Jon the laketroller with an alvey is what I use after seeing MrX. Maybe PM him or do a search for "scottalvey" or "scott-alvey" for more info dude.


----------



## Wrassemagnet (Oct 17, 2007)

found one post to get you started: http://www.akff.net/forum/viewtopic.php?f=10&t=46228&p=477177&hilit=scottalvey#p477177


----------



## Marty75 (Oct 23, 2007)

I have used the scotty laketroller a few times on my Revo at SWR with a 3lb bomb but didn't hook up on it. Always seemed to hook up (most sharks) on the floating baits.

They are a bit of a handful to be honest and a few things to clear when you hook up. When you loosen the knob at the top in order to wind it back up you can use your knee to hold the horizontal spool in place as the bomb will plummet down if you don't.

Think I will persevere with a break-away in the future...

Marty


----------



## ArWeTherYet (Mar 25, 2007)

Yep the scotty laketroller works well better than I thought. Good idea to replace the steel cable with heavy braid in case it entangles with some thing and needs to be cut quickly. The boom is just long enough that I can center mount it on the kingy, but for a wider kayak you'd have to have it to one side.

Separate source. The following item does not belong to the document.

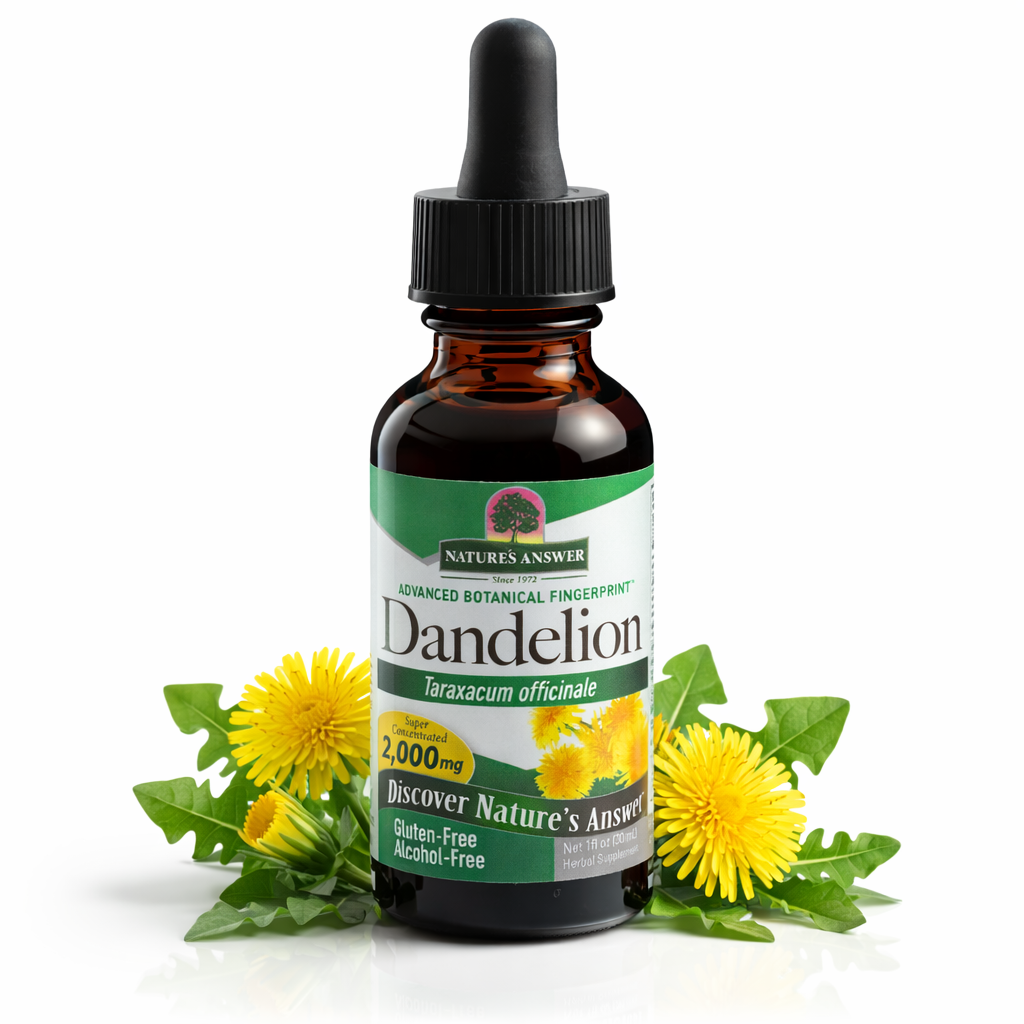 mniszel lekarski korzen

Think I paid about $80 delivered about 4 years ago.


----------



## wilson191 (Sep 22, 2012)

If you have a fishfinder you can usually see the bomb on it and can set the depth accordingly.


----------



## Squidley (May 8, 2010)

I've played with the laketroller on my revo 11 for a few trips. I find if I mount it in my Scotty sockets just in front of the rudder up/down controls, winding it up is hard on my shoulder. This might be why I've seen people put a Scotty mount in their side pockets of their rev, so it's closer. Mine came second hand with the wire replaced with 100 lb mono so I've taken to gathering the line up into my lap when I need to get the bomb. Lord knows what'll happen if I ever hook something big with it though.


----------



## kayakone (Dec 7, 2010)

I'm sure that Grant uses an Alvey (found that out after buying a Scotty from a forum member). Cannot offer any experience (never used it), but if the master uses an Alvey. 'Nuff said.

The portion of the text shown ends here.